My students attend Chinese schools in Chinese cities with Chinese kids. They speak the Chinese language, learn the Chinese curriculum, are taught by Chinese teachers, and live under one-party rule. They grow up under a Chinese family structure: only children, no aunts, no uncles, no cousins. Those who apply to Chinese colleges do so by taking a single exam. They are not themselves diverse; moreover, they are not even exposed to diversity. All of this is in the wake of the Cultural Revolution, which took place but two generations ago and wiped out entire belief systems and collective identities.

***

When Chinese students apply to American colleges, many have a hard time distinguishing themselves. Few of them can refer to distinctive ethnic traditions, religious beliefs, challenging encounters with prejudice, or enlightening discoveries of difference. None of this is their fault. None of it constitutes a moral failing. And none of it has anything to do with their academic potential or work ethic. They simply have few of the chances to pick up new ideas, appreciate different styles, be challenged by different perspectives that their American counterparts take for granted.

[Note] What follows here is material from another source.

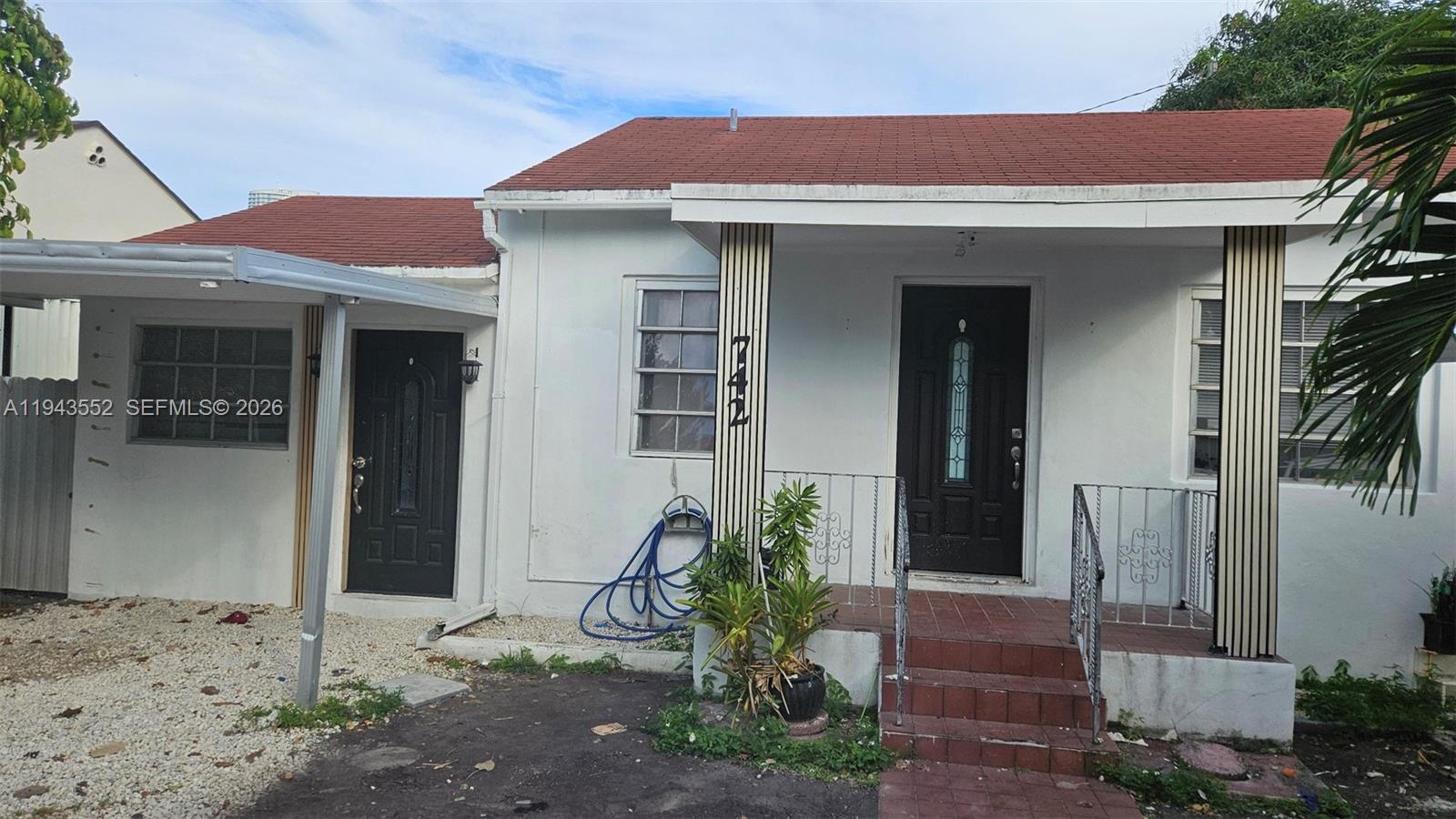 742 SW 10th St Miami, FL 33130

I think of Prince because he represents a world that my students cannot readily experience. For them, single song -- a single sly smile, even -- can be an unburied treasure.

I'm not saying that anyone needs to learn about the world through pop music. Nor am I saying that Americans can't stand to learn more about the rest of the world -- or that we too can't learn from outsiders' perspectives. Fortunately, cultures reveal themselves in many ways.

The world has writers, artists, filmmakers, and scholars and, yes, musicians whose gifts extend as far as the Internet, and the firewalls, will allow. It has telephones and airplanes too. If I have one wish for my students, it's for them to discover difference, embrace provocation, and have chances to consider other ways of learning, feeling, and being than the ones that they encounter regularly.

For students who have been immersed in a single culture, these epiphanies can be more powerful than anything that the typical cosmopolitan American might ever experience. We've seen it all. As long as they are aware and open, my Chinese students get to discover the world afresh.

The night Prince died, I took a walk, admired the skyscrapers, and cued up some hits. They were affecting as ever, especially "Purple Rain," which I listened to for the millionth time under that Technicolor sky. I can only imagine how my students will react when they hear it for the first time.